Fuel treatments in shrublands experiencing pinyon and juniper expansion result in trade-offs between desired vegetation and increased fire behavior

Authors: WILLIAMS, CLAIRE - Oregon State University; ELLSWORTH, LISA - Oregon State University; STRAND, EVA - University Of Idaho; REEVES, MATT - Us Forest Service (FS); SHAFF, SCOTT - Us Geological Survey (USGS); SHORT, KAREN - Us Forest Service (FS); CHAMBERS, JEANNE - Us Forest Service (FS); Newingham, Beth; TORTORELLI, CLAIRE - University Of California, Davis

Submitted to: Fire Ecology
Publication Type: Peer Reviewed Journal
Publication Acceptance Date: 6/14/2023
Publication Date: 8/7/2023
Citation: Williams, C., Ellsworth, L.M., Strand, E.K., Reeves, M., Shaff, S.E., Short, K.C., Chambers, J.C., Newingham, B.A., Tortorelli, C. 2023. Fuel treatments in shrublands experiencing pinyon and juniper expansion result in trade-offs between desired vegetation and increased fire behavior. Fire Ecology. 19. Article 46. https://doi.org/10.1186/s42408-023-00201-7.
DOI: https://doi.org/10.1186/s42408-023-00201-7

Interpretive Summary: Increases in pinyon and juniper trees in sagebrush communities in the Intermountain West has increased canopy fuels and reduced surface shrub and herbaceous fuels. This woodland expansion often results in longer fire return intervals with potential for high severity crown fire. Fuel treatments are used to restore shrub-bunchgrass communities, prevent continued tree infilling and growth, improve forage quality and quantity, and/or reduce wildfire risk. Treatments may present a trade-off; they restore shrub and herbaceous cover and decrease the risk of canopy fire but increase surface fuel load and surface fire potential. We measured the accumulation of surface and canopy fuels over ten years from ten sites across the Sagebrush Steppe Treatment Evaluation Project network, which were treated with prescribed fire or mechanical tree reduction. While prescribed fire and mechanical treatments restored understory vegetation and prevented continued conifer infilling and growth, these fuel treatments also increased surface fire behavior. Thus, managers should consider the tradeoffs between desired future vegetation and wildfire risk after fuel treatments.

Technical Abstract: Background: Pinyon (Pinus spp.) and juniper (Juniperus spp.) trees are regionally native but increasing in density and distribution into shrubland communities across the western United States. These trees were historically limited by wildfire but currently often outcompete native sagebrush (Artemisia spp.) communities, resulting in new or increased canopy fuels and reduced surface shrub and herbaceous fuels. Woodland expansion often results in longer fire return intervals with potential for high severity crown fire.

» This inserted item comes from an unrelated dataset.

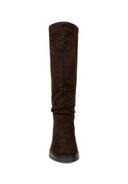 Stiefel Stiefel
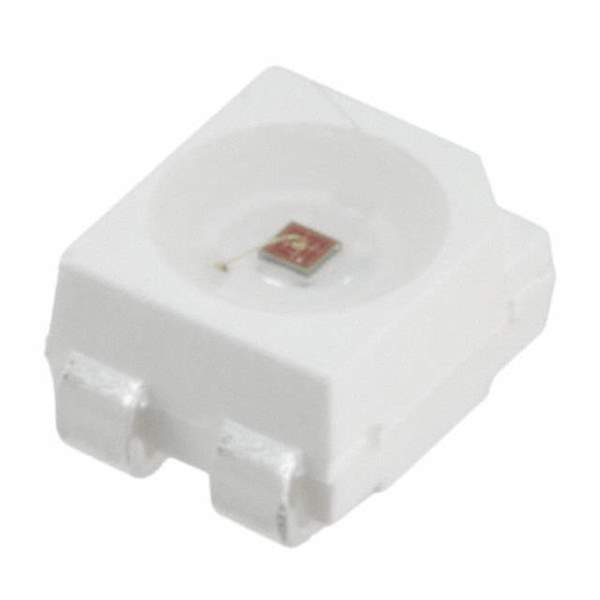 ASMT-QGBE-NGJ0E  Broadcom Limited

Fuel treatments are commonly used to restore shrub-bunchgrass communities, prevent continued tree infilling and growth, improve forage quality and quantity, and/or reduce wildfire risk. Treatments may present a trade-off; they restore shrub and herbaceous cover and decrease the risk of canopy fire but increase surface fuel load and surface fire potential. We measured the accumulation of surface and canopy fuels over ten years from ten sites across the Intermountain West in the Sagebrush Steppe Treatment Evaluation Project network, which were treated with prescribed fire or mechanical tree reduction. We used the field data in a fire modeling framework to estimate surface and canopy fire behavior in treated and control plots. Results: Increased herbaceous surface fuel following prescribed fire treatments increased the modeled rate of surface fire spread (ROS) 21-fold and nearly tripled the flame length (FL) by year ten post-treatment. In mechanical treatments, ROS increased 15-fold, FL 3.8-fold, and reaction intensity roughly doubled in year ten post-treatment compared to pretreatment and untreated controls. Treatment effects were most pronounced at 97th percentile windspeeds, with modeled ROS up to 82 m min-1 in mechanical and 106 m min-1 in prescribed fire treatments by ten years post-treatment compared to 5 m min-1 in untreated controls. Both fuel treatments resulted in greater likelihood of crown fire initiation due to increased surface fuels, however, crown fire transmissivity risk was eliminated by both fuel treatments. Conclusions: While prescribed fire and mechanical treatments in shrublands experiencing tree expansion restored understory vegetation and prevented continued conifer infilling and growth, these fuel treatments also increased surface fire behavior. Thus, managers should consider the tradeoffs between desired future vegetation and wildfire risk after fuel treatments.